Optimizing Reserved Instance Purchases for RDS when Instance Scheduling is in use

10 minute read
Content level: Intermediate
3

Learn in-depth how Reserved Instances work, and how to best optimize your purchases with RDS especially when Instances are scheduled to run only at certain time.

Amongst the various commitment based discount schemes offered by AWS, two of the most commonly used are Savings Plans (SP’s) and Reserved Instances (RI’s). Savings Plans offer a great deal of flexibility - however they can only be purchased for certain resource types. One of the resources that Savings Plans cannot currently be used against are RDS instances. In times past this wouldn’t have mattered as much, as the database tier of an application was “always on” regardless of application workload, and only the application or front-end tiers would have been scaled. As time has passed, cost optimizing workloads has become ever more important, to the point where now it is no longer a given that the database tier runs on a 24x7 basis. This presents a new challenge for customers - when their workload consists of a number of RDS instances, and these are run on a part-time (scheduled) basis, how do you optimize your RI purchase to maximize your savings?

To solve this problem, first of all we need to understand how RI's work:

  1. For this example, we have one instance of db.t3.large running MariaDB, that (hypothetically) costs $0.90 per hour when running (all costs in this article are fictional and have been chosen to make the maths easier - please always refer to AWS pricing pages here - https://aws.amazon.com/rds/pricing/ - before making your own calculations).
  2. All RDS instances (and AWS compute-based resources, in general) feature either per-hour, or per second billing - though again always check for your instance type before making your own calculations.
  3. If you want to understand whether you want to purchase a RI for this, you would need to look at your usage profile. Let’s assume for now that every day looks the same, and looks like this.

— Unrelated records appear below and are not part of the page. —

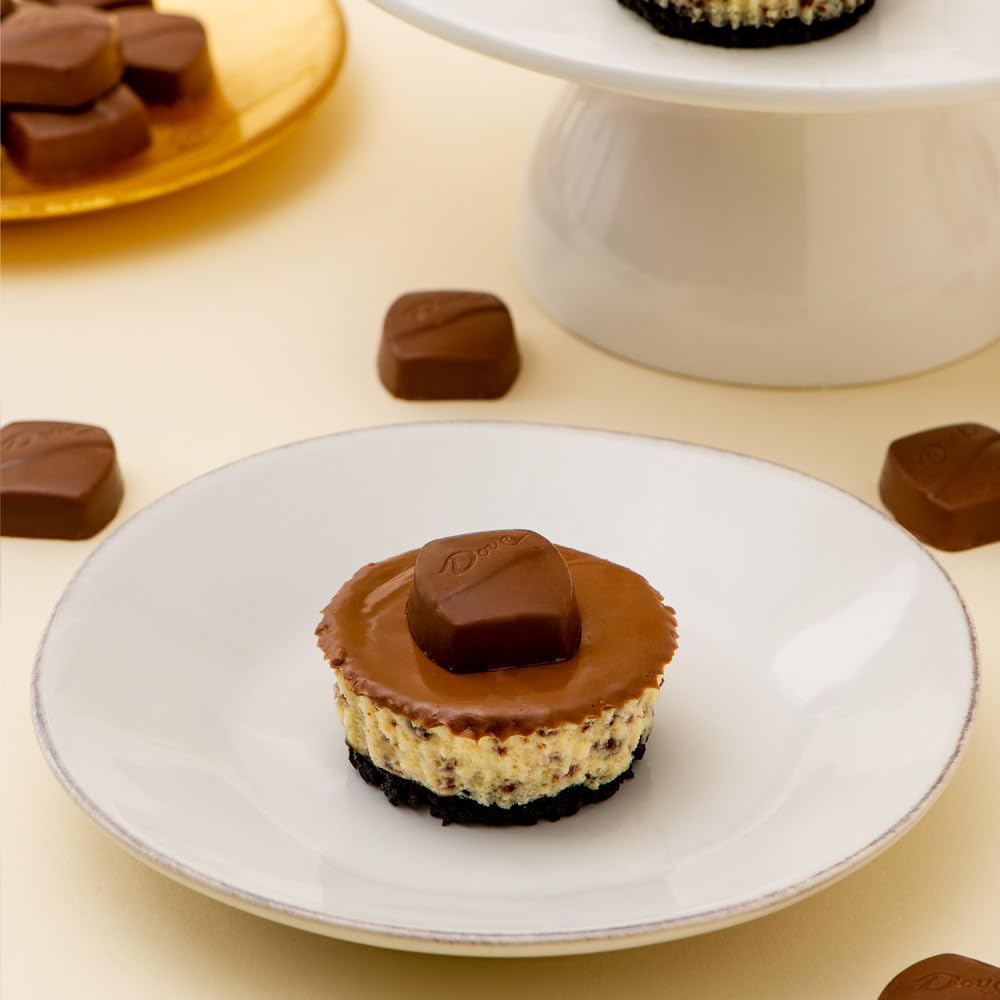 Dove bombones usados en repostería como cobertura y adorno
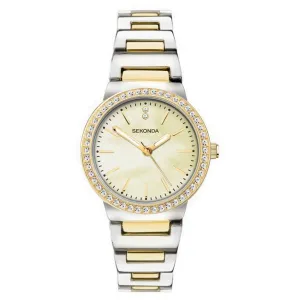 Sekonda Amelia Two Tone Crystal Set Ladies Watch 40490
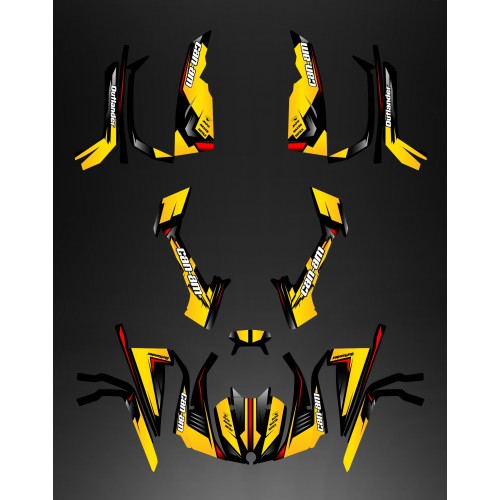 Kit decoration Full Wasp (Yellow/Red) - IDgrafix - Can Am series The Outlander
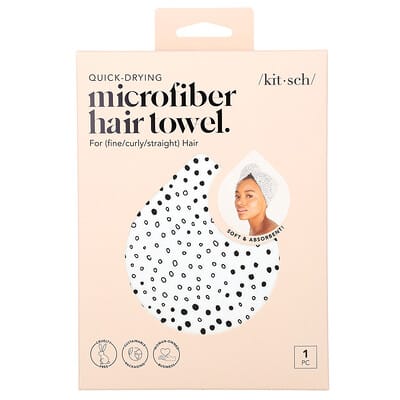Быстросохнущее микрофибровое полотенце для волос, Micro Dot, 1 шт.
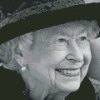 Black And White Queen Elizabeth Diamond Painting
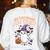 Halloween Teacher Trade Students For Candy Costume Women Women's Sweatshirt Back Print White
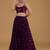Awesome Purple Sequins Georgette Sangeet Wear Lehenga Choli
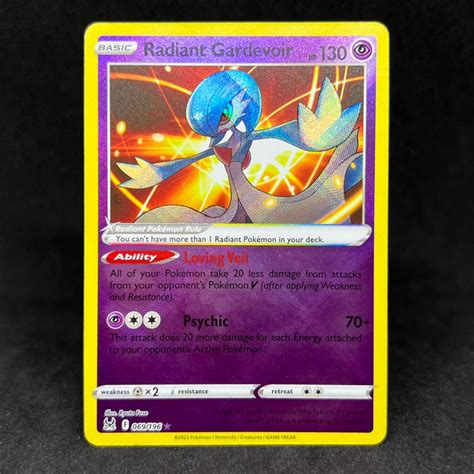 Pokemon Tcg Radiant Gardevoir Shiny Holo Rare 069196 2022 Sword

Also let’s assume that the RI purchase gives you a 30% discount on the hourly instance cost - the charges for a given day would look like this (we’ll also assume no upfront cost, as again this makes the maths easier!):

Daily cumulative charges for a single RDS instance

In the example above, there is clearly a strong argument to purchase a RI - at the end of a single day’s run, there is a 30% saving to be realised, so assuming that this pattern of running will be kept up for a least a year (the minimum term length for a RI), then it is a worthwhile purchase.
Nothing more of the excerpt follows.